Our solution isn't super ambitious: it involves one static version of the source document as it was at citation time. In WikiRate's case, static is arguably preferable, because citations can have specific content references that will get lost in an update. But WikiRate is probably unusual in the need for cached source files; I wouldn't expect many other sites to borrow that functionality.

I see. The static version would be quite nice to have. Some really important information gets lost in the internet history.

The shared functionality is what you proposed, the external link tracking. That's just a record of the link and its validity. In WikiRate's case, it makes sense to provide a link to the external source version so long as the reference is still valid. That will avail users of any dynamic (JS, etc) functionality, so long as the source is there.

Yes that is exactly what I have proposed. The external links tracking, if the site is alive at the link. It would be also good to have some mass update functionality if only the source moved to different link like e.g. domain.com/I_was_here now it is at domain.com/new_site/old_information/I_m_here.

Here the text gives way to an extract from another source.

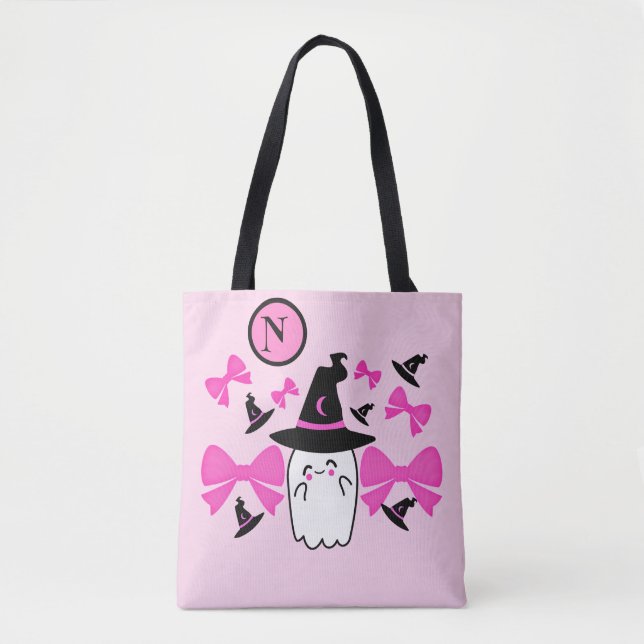 Tote Bag Coquette Pink Halloween Witchitt Ghost Monogramme (Devant)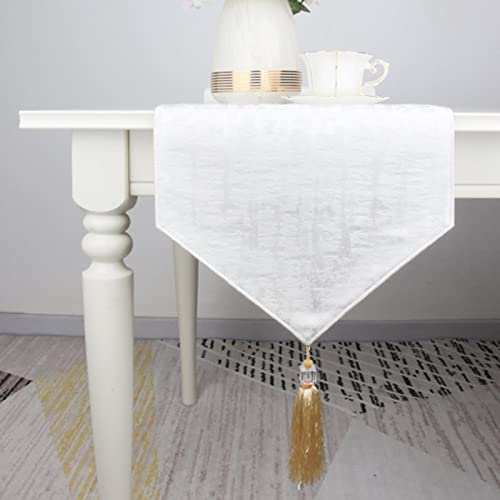 KnSam Tischläufer Hochzeit Boho, Jacquard Tischläufe Weiß Faltenfrei rutschfest Tischband Dekoration für Esszimmer Party Urlaub, Tischläufer Baumwolle Polyester 35x200CM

Re resources, while our (cloud-based) file storage will undoubted grow, we won't be updating it with every source update. The only major database growth would be the external link tracking, which isn't storing much more than (1) referring card id, (2) referee uri, and (3) current http status. That should be manageable.

Yes that is reasonable. I was talking more on the copy site to wikirate case. In case of external link tracking that should be manageable, even to say desirable.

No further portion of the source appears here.